But as encouraging as it was to hear Joshua's promoter Eddie Hearn talk about the "the basics of the deal, a two-fight deal," and "moving forward" toward making the biggest fight currently possible in the sport, there are obstacles to overcome before you mark this megafight in your calendars.
What has to happen before the fight takes place?
Both have fights to win before they can battle to decide the undisputed world heavyweight champion for the first time since Lennox Lewis reigned 20 years ago. And if WBC champion Fury and WBA-IBF-WBO champion Joshua have to go through two fights against their mandatory challengers to make it happen, this fight is in real jeopardy.
Fury (30-0-1, 21 KOs), 31, from Manchester, is due to face Deontay Wilder, of Tuscaloosa, Alabama later this year in their trilogy fight after he stopped Wilder (42-1-1, 41 KOs) in the seventh round in February following a controversial split draw in December 2018.
If Fury wins the trilogy fight, he's likely to have to face another Briton, Dillian Whyte (27-1, 18 KOs), in a WBC mandatory defense early in 2021.

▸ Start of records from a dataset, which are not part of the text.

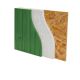 STRALE Kućica za pse 50x65x75cm  LUX Green - EP3196358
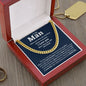 Cuban link chain, For him, To My Man
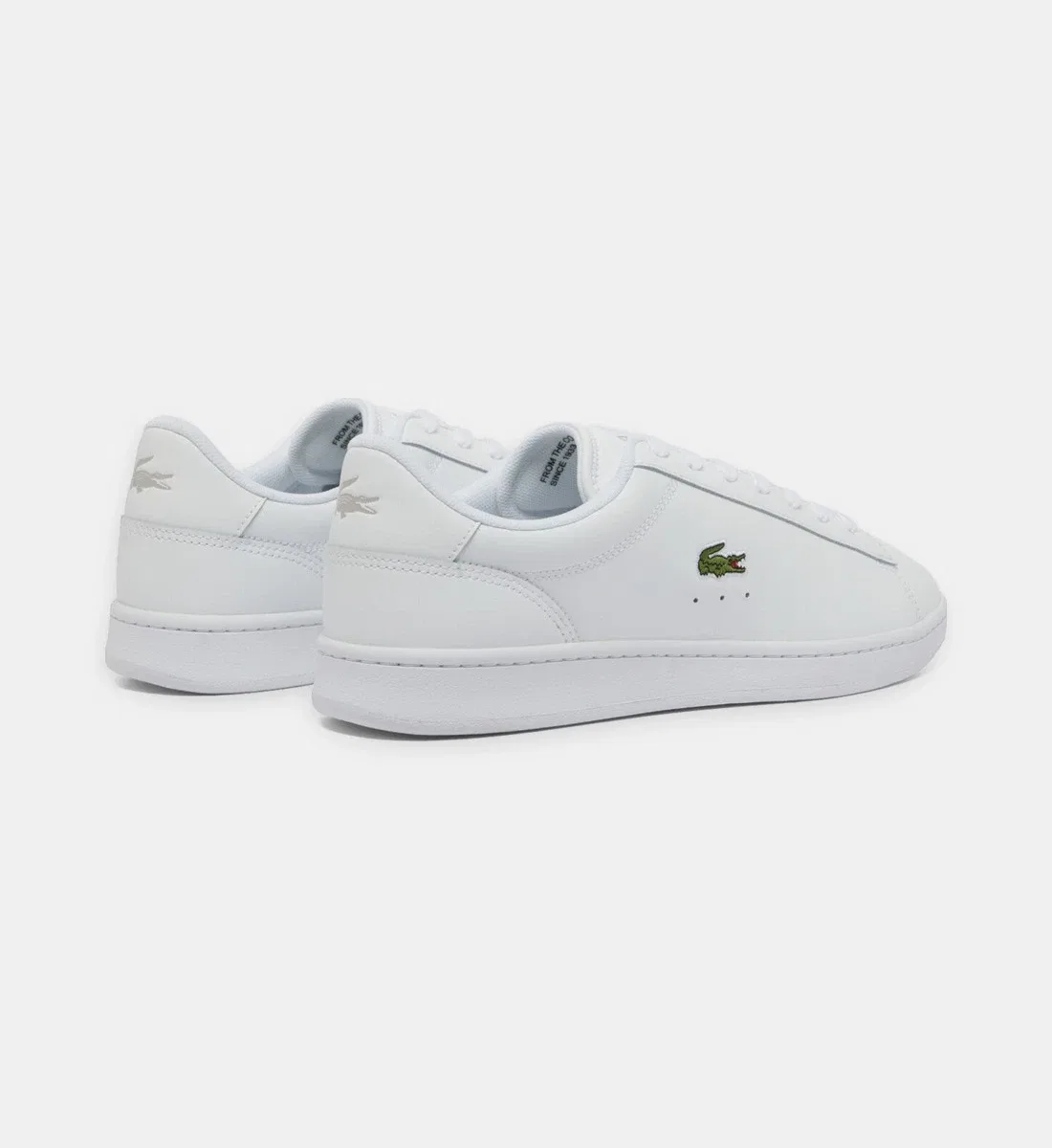 Низкие кроссовки Carnaby Set Lacoste, белый — фото 3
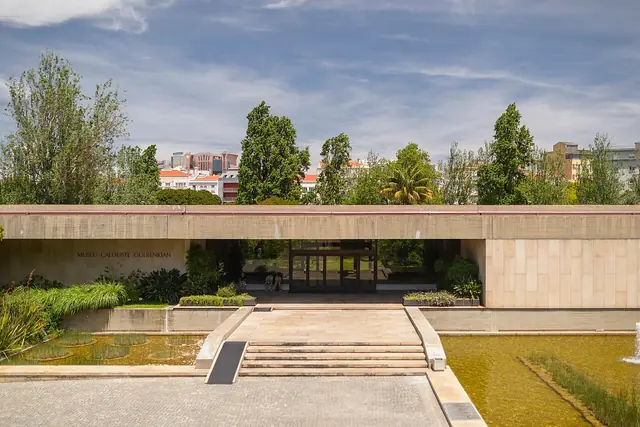 Museu Calouste Gulbenkian in Lisbona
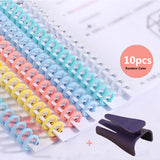 A4 Punching And Binding Manual Puncher 0 - Tophatter Daily Deals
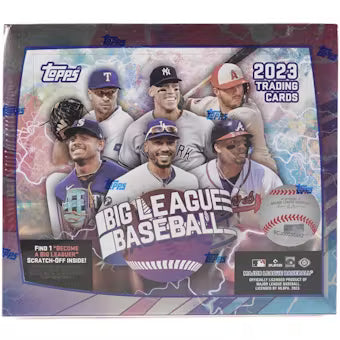 2023 Topps Baseball MLB Big League Baseball Hobby Box Online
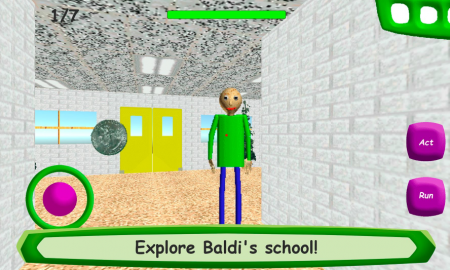 Baldi’s Basics PC Version Game Free Download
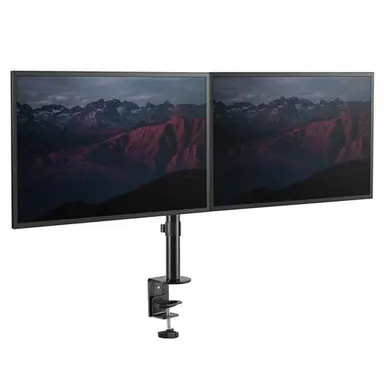 StarTech.com VESA 75X75MM/100X100MM Compatible Desk Mount Dual Monitor Arm Supports 2 Display, image 7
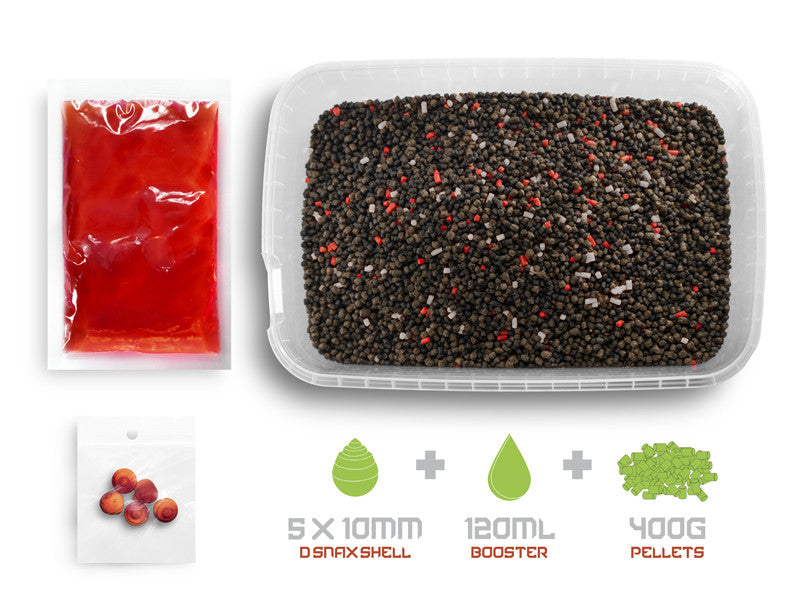 Pelletbox Salmon/Crayfish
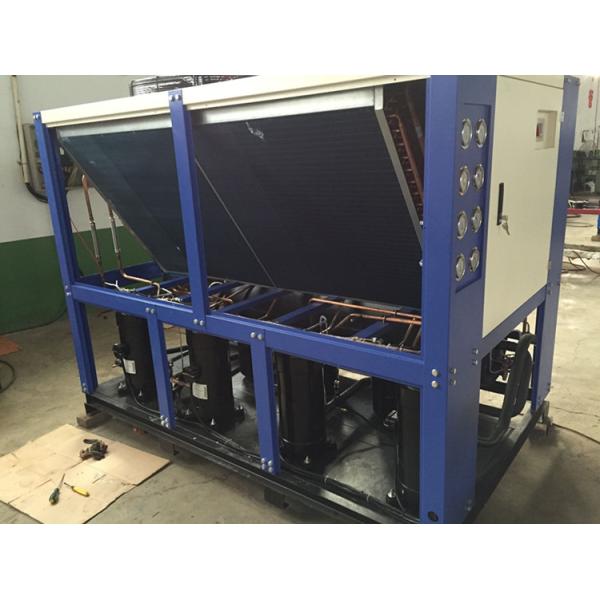 30 Ton 100Kw Industrial Air Cooled Water Chiller For Lab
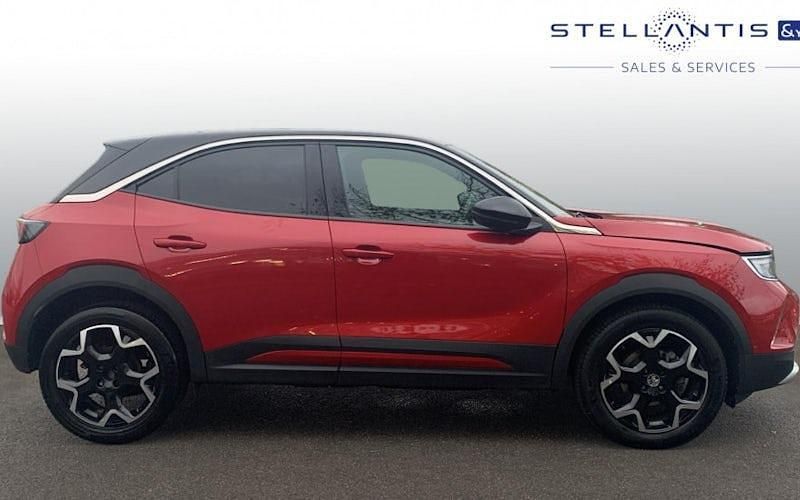 Used Vauxhall Mokka Ultimate 131 HP (96 kW) 2025 SUV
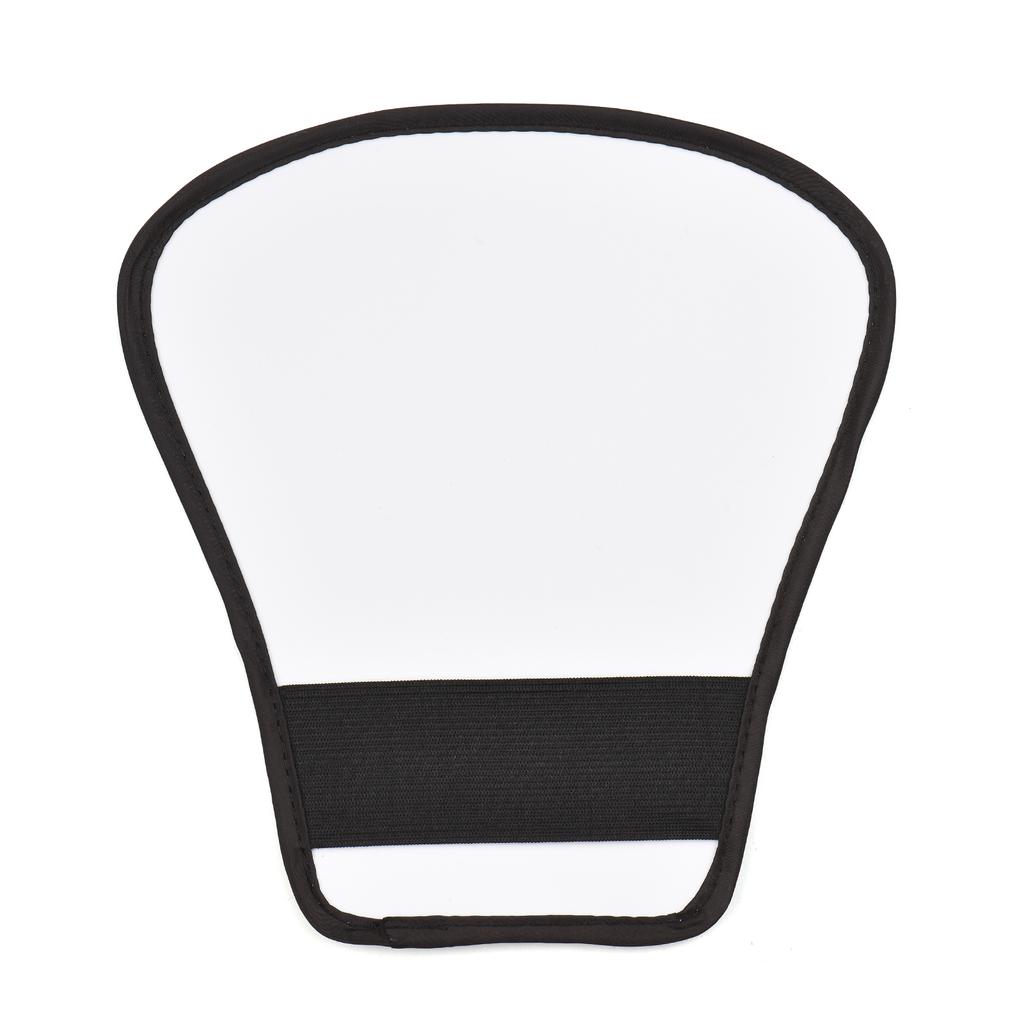 Réflecteur de flash d'appareil photo universel portable Speedlite Bounce Diffuseur Board avec argent et blanc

Joshua (23-1, 21 KOs), 30, from Watford, is due to face Bulgaria's Kubrat Pulev (28-1, 14 KOs), 39, next. No date or venue has been confirmed after the fight was postponed from its previously scheduled June date.
Beyond Pulev, however, lurks Ukraine's former undisputed world cruiserweight champion Oleksandr Usyk (17-0, 13 KOs), 33, who is now the WBO mandatory challenger at heavyweight. Usyk represents a big threat to the Fury-Joshua fight happening if he (or the organization) insists on facing Joshua before Fury does.
Hearn promotes Usyk as well as Joshua, and there is the possibility a deal could be made for Usyk to step aside and wait for the Fury-Joshua winner. If that is the case, Fury will have the more treacherous path to navigate to make the Joshua fights a reality. And as much as they'd like a clear path, in this moment, we can't say for sure how many fighters Joshua and Fury will each need to take on before they meet.
"Who knows what's going to happen with Deontay Wilder, but we [at Matchroom Sport] want Dillian Whyte to fight for the world title and he is supposed to fight Tyson Fury, the WBC champion, by February 2021," Hearn told ESPN.
"There are obstacles to overcome, but the good news is that we are moving forward."
Long-term plans can quickly unravel in boxing, and the course of history can quickly pivot from where promoters had hoped it would go. Fury would not be sitting at No. 11 in the recent Forbes list of highest paid athletes if the referee had stopped him on cuts against Sweden's unknown Otto Wallin in September 2019. Fury's face was a mask of blood, he required 47 stitches, and the wounds threatened to KO the second Wilder fight.
What's the deal?
The money split is always the hardest part to overcome, and failure to agree terms was one of the reasons why we didn't get to see Floyd Mayweather-Manny Pacquiao until 2015.
With that part of the deal already put to bed, according to Hearn, the other negotiating points like venue and television rights should not be as troublesome.
Frank Warren, who co-promotes Fury along with Bob Arum, told ESPN both sides have agreed a 50-50 split.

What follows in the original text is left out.